This helps lead people to believe that health care is free, but it is not. One cannot repeal the laws of economics. Health care is a service delivered for a fee, which somebody pays. That sombody is usually an insurance company which collects premiums in exchange for covering the cost of the services. Individuals usually do not even pay all of the premiums, large fractions of which are often covered by the employer as a benefit to the employee.
So individuals do not often see the true costs of health care, and the belief spreads that health care is, or should be, free.
That is impossible, of course, because there are costs associated with delivering any service. But the belief that health care is free is behind the popularity of the idea of health reform: in this case the government will pay, but it will still be free, especially the so-called "public option".
That idea is totally wrong, and I think many American will be shocked to learn who will end up paying for it: the middle class will pay. They will pay either through increased premiums of their employer provided plans, through increased taxes, or they will pay the premiums directly.
That's right. The "public option" is government defined health care, and government mandated health care, but it is not government paid health care, or at least not yet, and not for people with means. Only the very poorest will pay not premium to be covered under the public option. And it does not attempt to reduce health care costs. The primary goal of all proposals currently in Congress is to cover the uninsured, and the services used by the currently uninsured must be paid for by somebody, and that will be the majority of Americans that already have health care, or have the means to pay for it.

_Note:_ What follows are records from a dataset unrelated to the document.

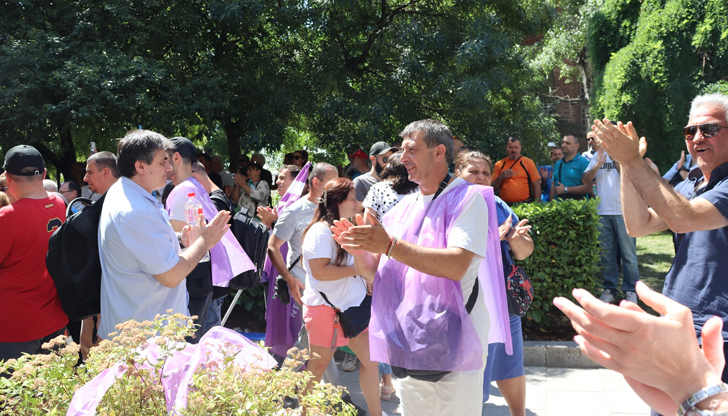 Работещите ще получат 300 лева увеличение със задна дата от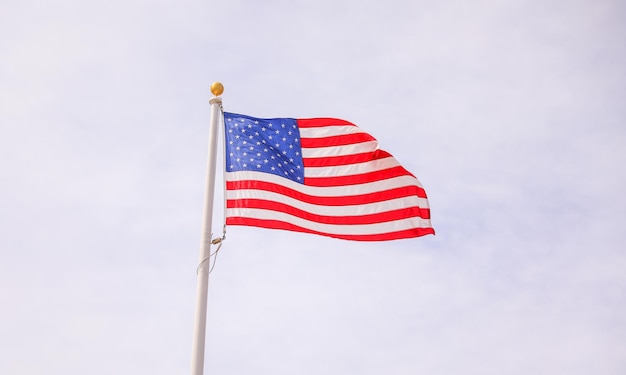 Una bandera con la bandera americana en ella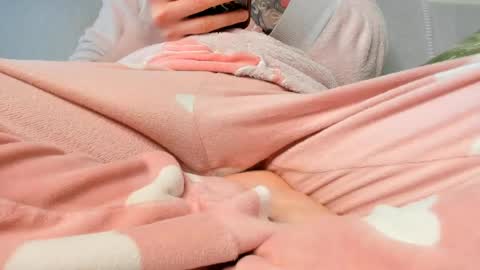 Ariana  Steven online show from 03.12.26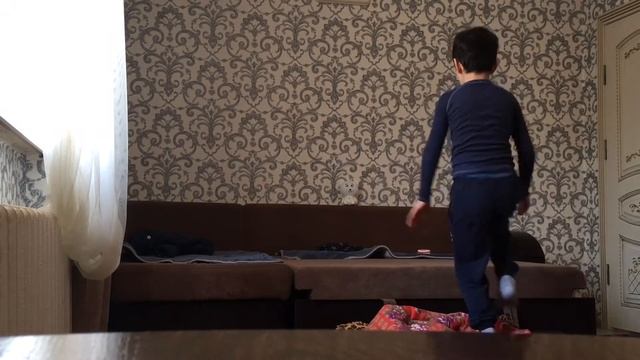КАК НАУЧИТЬСЯ САЛЬТО НАЗАД В ДОМАШНИХ УСЛОВИЯХ!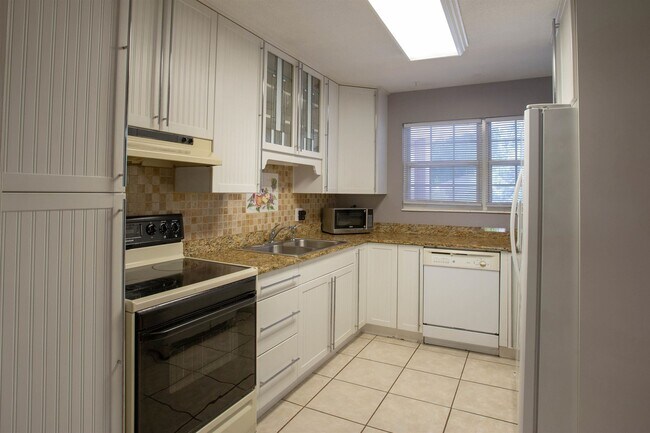 Building Photo - 2992 Corrib Dr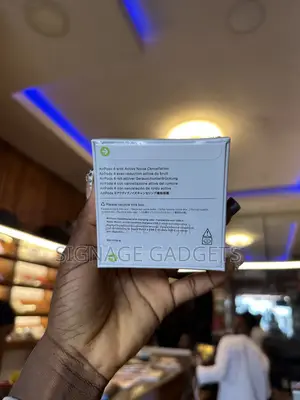AirPods 4 ANC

I think that Americans will be disappointed by the fact that post-reform they will be paying more out of pocket for health care and taxes. But there may be a light at the end of the tunnel, that once the first round of reform is in place, a second one addressing growing costs can be passed, and this article in the New York Times describes how this might be done:
But there’s another path, equally radical, that’s more in keeping with the traditional American approach to government, taxation and free enterprise. This approach would give up on the costly goal of insuring everyone for everything, forever. Instead, it would seek to insure Americans only against costs that exceed a certain percentage of their income, while expecting them to pay for everyday medical expenditures out of their own pockets.Such a system would provide universal catastrophic health insurance, in other words, while creating a free market for non-catastrophic care. In the process, it would marry a central conservative insight — that we’ll never control spending so long as Americans are insulated from the true price of their medical care — to the admirable liberal premise that nobody should go bankrupt paying for life-saving treatment.
The key point to this view of health care is that we begin to treat it just like any other service. We shop around for the best quality versus price for all kind of services, and service providers have an incentive to innovate and run their businesses more efficiently in order to remain profitable and competitive. Once the cost of health care is advertised in an office just like an oil change for your care, Americans can then manage their health care costs themselves, and true reform will have been accomplished.